2.2.2 Flock member detection

The flock member detection stage is one of the least completely treated and discussed aspects of flocking motion generation. The vast majority of the literature does not consider flock member detection and makes the assumption that all of the flock members within the sensing range are included in the set \(\mathbf{D }_{i}(t)\). Additionally, the flock member detection stage is also responsible for the detection of the required information. If in the sensing stage a velocity sensor is not specified and the motion model requires the flock member’s velocity, then the flock member detection stage should detail how the velocity information is calculated (e.g., the velocity is inferred from the displacement of \(\mathbf{r }_{i}(t)\) and \(\mathbf{r }_{i}(t\,+\,1)\)).

A couple of good treatments of the flock member detection stage can be seen in Turgut et al. (2008), Kelly and Keating (1996), Arkin and Balch (1999).

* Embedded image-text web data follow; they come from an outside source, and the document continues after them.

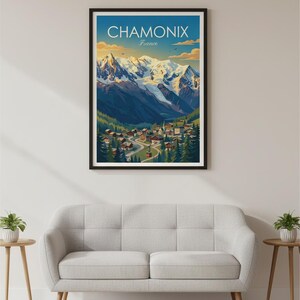 Chamonix France Alps Travel Poster | Mont Blanc Mountain Wall Art (Digital Download) image 7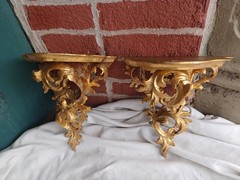 ANTIQUE VINTAGE ITALY FLORENTINE ROCOCO CARVED WOOD GOLD GILT WALL SHELF SET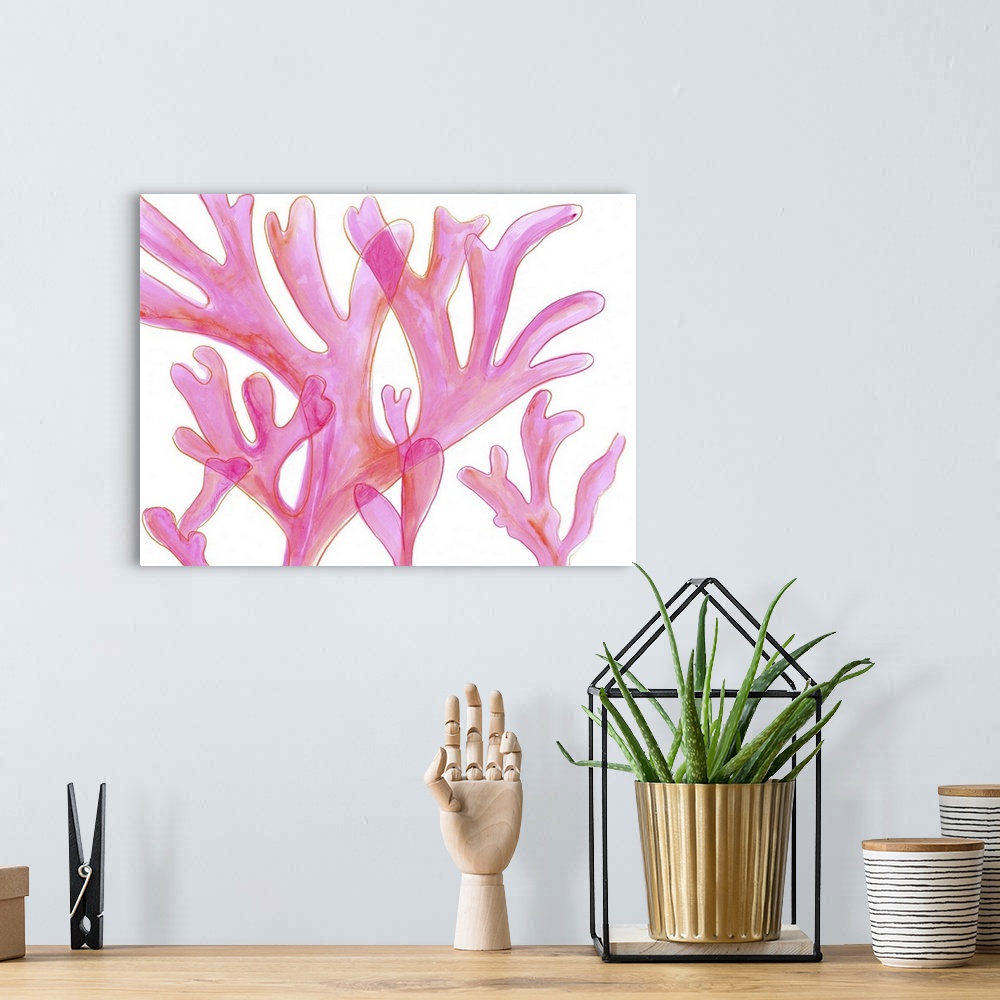A bohemian room featuring Contemporary artwork of light pink sea kelp with a translucent effect.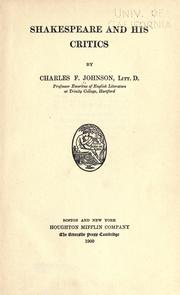 Cover of: Shakespeare and his criticis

Turgut et al. (2008) give an adequate description through describing how all of the required information is sensed (e.g., velocity, identification, orientation, etc.) by the flock members. However, Turgut et al. (2008) does not discuss if any noise or detection error exist in the flock member detection stage. A common data-flow between the flock member detection and neighbor selection stage can be seen in Fig. 2b.

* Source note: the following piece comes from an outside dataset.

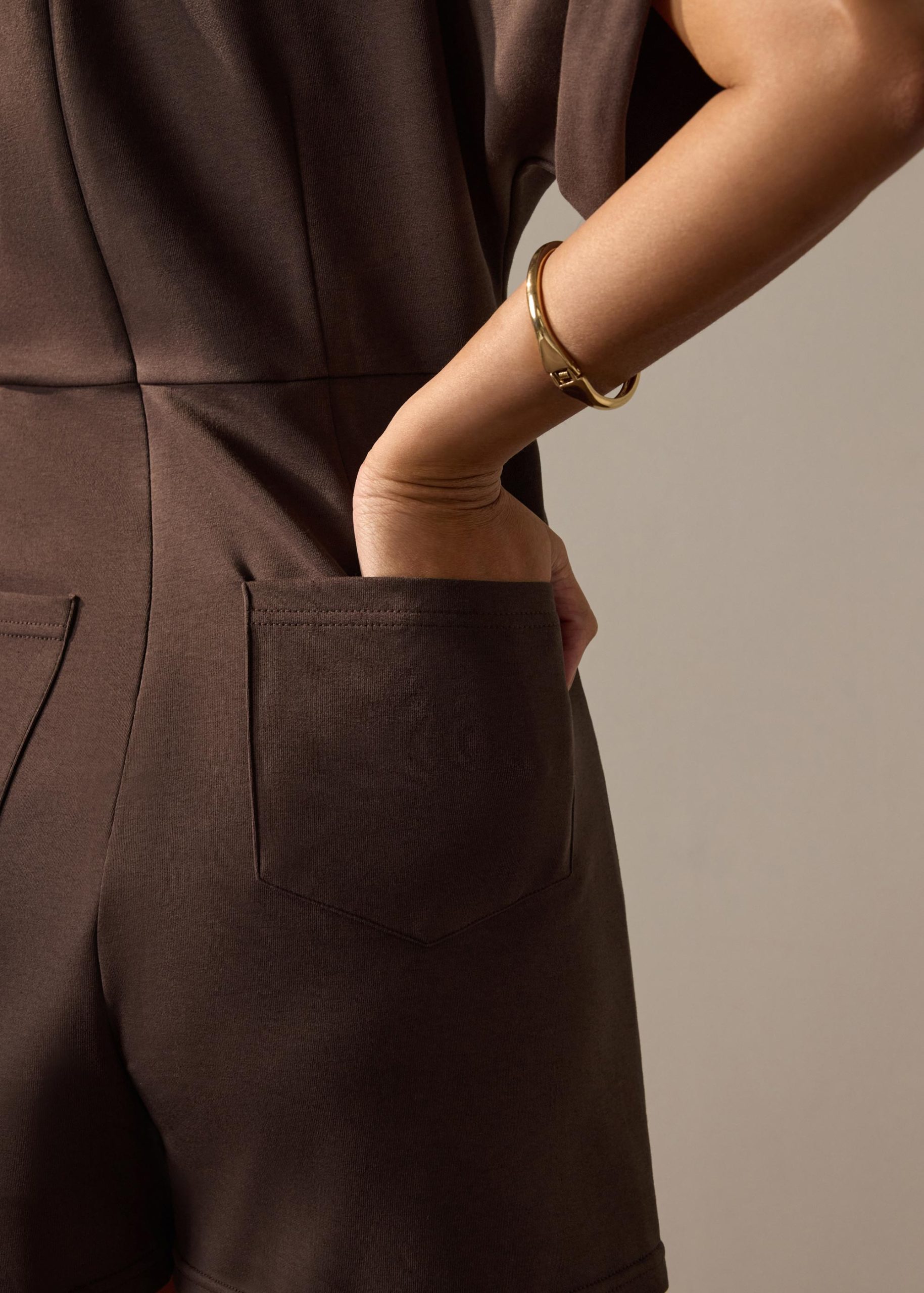 Cotton Twist Knot A-Line Romper - Image 9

To this point, we have only considered a flock member detection stage that detects real flock members (i.e., \(\mathbf{D }_{i}(t)\,\subset \,\mathbf{A }_{i}(t)\)). Another possible role of the flock member detection stage is the detection/creation of virtual flock members. Virtual flock members can be used to avoid obstacles (Olfati-Saber 2006) and/or to assist in maintaining a desired flock structure (Lindhé et al. 2005). A virtual flock member is created from the sensed information. The information typically used for the creation of virtual flock members is encoded in the set \(\mathbf{A }_{i}(t)\) and any detected obstacles. In our notation, a virtual flock member is a flock member that exist in the set \(\mathbf{D }_{i}(t)\) but does not exist in the set \(\mathbf{A }_{i}(t)\). It is important to note that a virtual flock member in the set \(\mathbf{D }_{i}(t)\) cannot be distinguished from a non-virtual flock member in the same set.

2.2.3 Neighbor selection

The neighbor selection stage is treated in almost all of the literature and is the only stage that is generally completely described. One of the most complete treatments can be found in Viscido et al. (2002). For each of the perception functions, Viscido et al. (2002) explicitly states which flock members will be selected and passed to the motion computation stage. The data-flow for one of the models presented by Viscido et al. (2002) between the neighbor selection and motion computation stage can be seen in Fig. 2c. In addition to which flock members are to be selected, Viscido et al. (2002) gives brief explanations for the selection decisions. The one exception to this is in their treatment of the local crowded horizon (LCH) motion model. Viscido et al. (2002) do not clarify if all of the detected flock members are selected or if only the members apart of the ‘most crowded horizon’ are selected.

In contrast to Viscido et al. (2002) fairly complete treatment of the neighbor selection stage, Mikhailov and Zanette (1999) do not explicitly treat this stage at all. With that said, it is clear from the context that Mikhailov and Zanette (1999) are using a perception function that selects all of the flock members in the set \(\mathbf{D }_{i}(t)\) (see the perception function \(\mathrm{All }()\) in Table 2).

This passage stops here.